What is one thing you hope others learn from your work? I’m convinced that transparency is an integral part of positive change within the fashion industry. To truly understand a brand’s footprint, we need to look at how, where, and above all by whom each product is pieced together. It might sound obvious, but supply chains in fashion (and other sectors) are surprisingly opaque. Transparency isn’t always the easy option, but it’s needed to do business sustainably. That’s why we have just started to measure the environmental footprint of selected styles to make informed sourcing decisions to lower our impact even further.How do you stay optimistic and persistent in the fight against climate change? I think that we are responsible for what and how we consume. The more we look out for one another and share our vision in supporting fair working conditions and environmentally friendly manufacturing processes, the faster we will make a difference in this world. Tell us about a recent change you’ve made to be more sustainable day-to-day?
My own behavior of consumption played a big role in starting my own business. I still wear a tweed blazer of my great-grandmother or a vintage trench coat, which I was able to buy years ago at a flea market in New York. I just recently got an oversized denim shirt from my mum, that she was wearing when she was my age. I love that and wear these styles with pride and they never get old. With IVY OAK we want to offer exactly those go-to pieces that become classics in the wardrobes of our customers and which in the best case are passed onto the next generation.
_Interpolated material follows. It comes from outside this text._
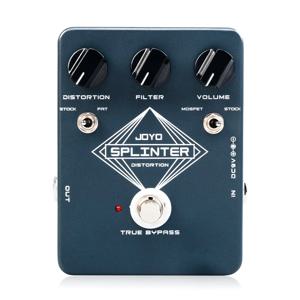 JOYO JF-21 스플린터 클래식 디스토션 기타 페달 퍼즈 및 디스토션 이펙트 페달(디스토션/필터/볼륨 노브 포함)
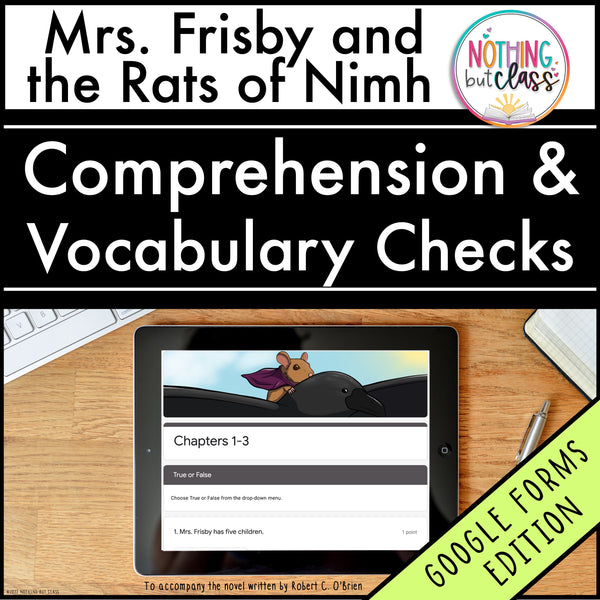 Mrs. Frisby and the Rats of Nimh | Google Forms Edition | Novel Study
Do you have a pro-tip extending the life cycle of your wardrobe? Buy less and wear what you own more often. It seems boring at first, but you can try new combinations or have a piece altered to change its style. There are many options and every piece in your closet deserves attention. Do you have a philosophy you live by?
Think differently, act differently.In the end, it all comes down to us and how we use our individual and combined power to create positive changeWhat’s a quick change people could make in terms of being more sustainable
Choose more wisely and give old clothes a second life. Once you are over that amazing dress or perfect shirt, do not leave it hanging unnoticed in your closet for the next few years or worse throw it away. Look out for local clothing swaps and pass it on for someone new to fall in love with it.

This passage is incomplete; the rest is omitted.